Is the availability of substrate for the tricarboxylic acid cycle a limiting factor for uncoupled respiration in sycamore (Acer pseudoplatanus) cells?

Abstract

Protoplasts obtained from sycamore (Acer pseudoplatanus) cell suspensions were found to be highly intact and to retain a high rate of O2 consumption. If the protoplasts were taken up and expelled through a fine nylon mesh, all the protoplasts were ruptured, leaving the fragile amyloplasts largely intact. Distribution of enzymes of glycolysis in plastids and soluble phase of sycamore protoplasts indicated that the absolute maximum activity for each glycolytic enzyme under optimum conditions exceeded the estimates of the maximal rate at which sycamore cells oxidize triose phosphate.
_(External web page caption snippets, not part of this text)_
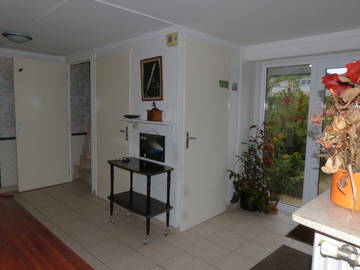 Chambre Chez L'habitant Marly 10402-9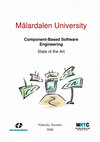 Research paper thumbnail of Towards A Software Component Framework for Mechatronics Applications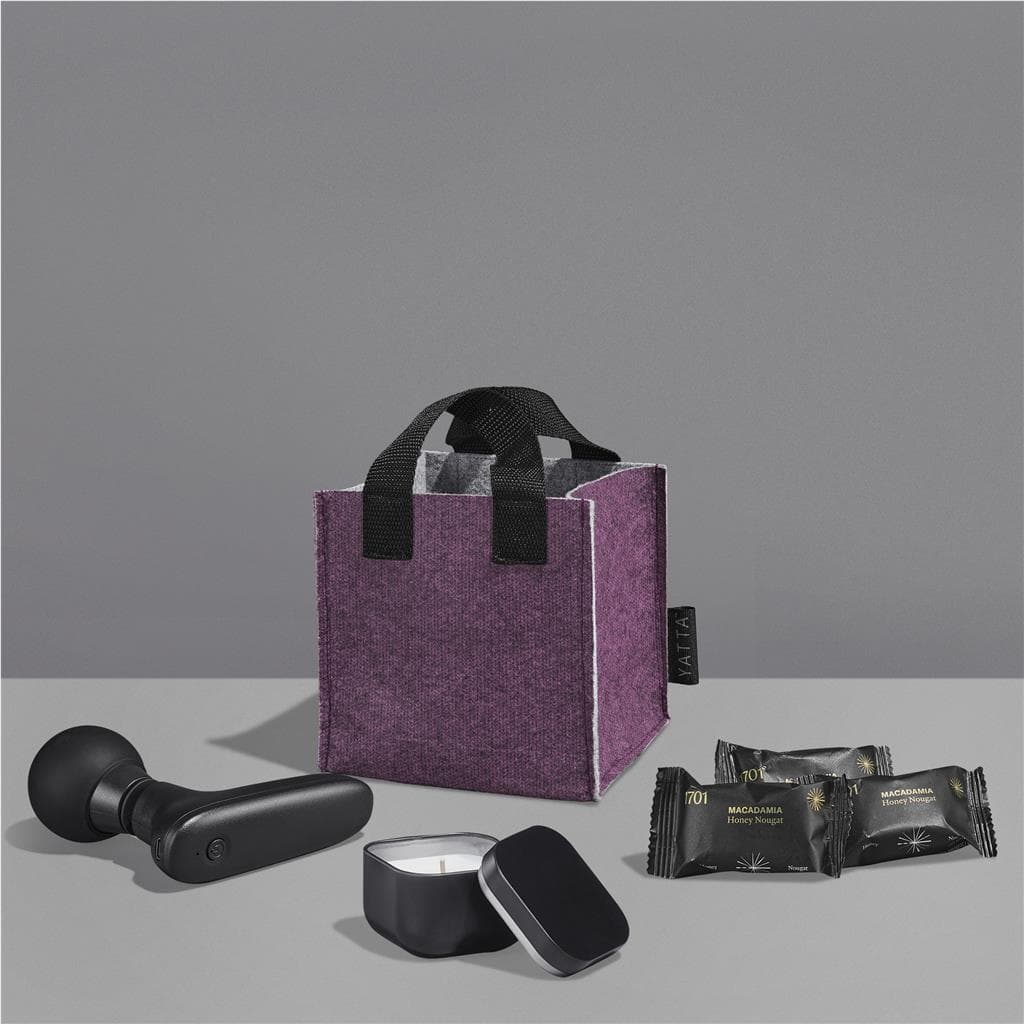 Yatta Positive Pulse Hamper 21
Passage of protoplasts through the fine nylon mesh produced a 3-5-fold decrease in O2 consumption. However, addition of saturating amounts of respiratory substrates and ADP restored an O2 consumption equal to that observed with uncoupled intact protoplasts. Taken together, these results demonstrated that neither the overall capacity of the glycolytic enzymes in sycamore cells nor the availability of respiratory substrates for the mitochondria is ultimately responsible for determining the rate of uncoupled respiration in sycamore cells.